COLLEGE STATION, Texas — Sometimes it hurts to dispel facts with science, but a Texas A&M AgriLife expert said even though there is a National Snuggle a Chicken Day, celebrated on Jan. 8, he hopes people don’t hug and kiss chicks and chickens without proper awareness and precautions.
While the idea of snuggling up to these fluffy feathered friends may warm your heart, it’s essential to consider the well-being of the chickens as well as those who handle them.
Greg Archer, Ph.D., Texas A&M AgriLife Extension Service poultry specialist and associate professor in the Texas A&M College of Agriculture and Life Sciences Department of Poultry Science shared four reasons to avoid petting poultry:
- Chickens may have salmonella and other bacteria on them.
- Chickens may have external parasites that can get on and affect humans.
- Chickens like to peck shiny things, possibly including eyes.

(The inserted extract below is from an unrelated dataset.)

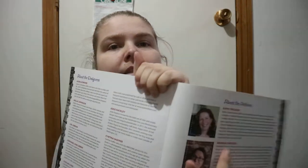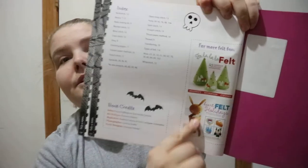All the templates are right at the back there for you. And you get a little bit about the designers and then the authors. There are at least two more books from them.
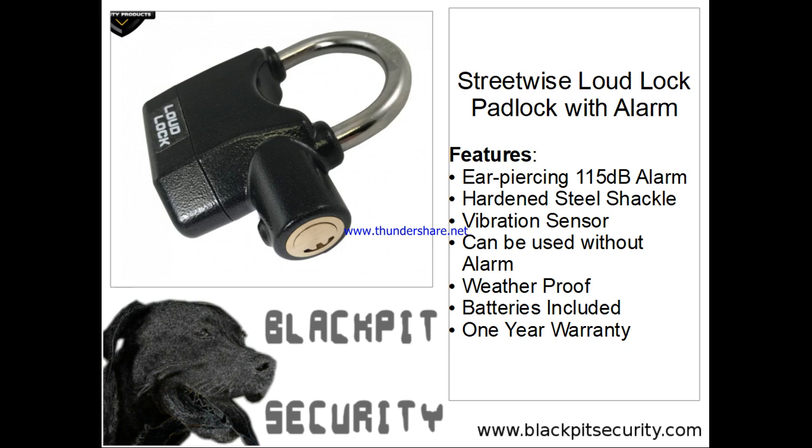The Loud Lock can also be used as a standard padlock without the alarm. Three keys are included in case several people need access to the protected item or a key is lost. As you can see, it is packed with features — everything from hardened steel shackles to vibration sensors.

- Handling can cause stress and possibly injury to the chicken.
Bacteria on chickens
The presence of salmonella and other bacteria on chickens raises health concerns for humans, emphasizing the importance of proper hygiene and precautions when interacting with chicken and other poultry like ducks. According to a report by the Center for Disease Control and Prevention, CDC, an estimated 1.35 million infections and 26,500 hospitalizations are caused by Salmonella bacteria in the U.S. every year.
If you must handle a bird, it is important to be mindful of sanitary precautions you should take like washing hands with soap and warm water and changing clothes worn during handling. This can help reduce potential salmonella exposure or its spread into the home after handling, Archer said.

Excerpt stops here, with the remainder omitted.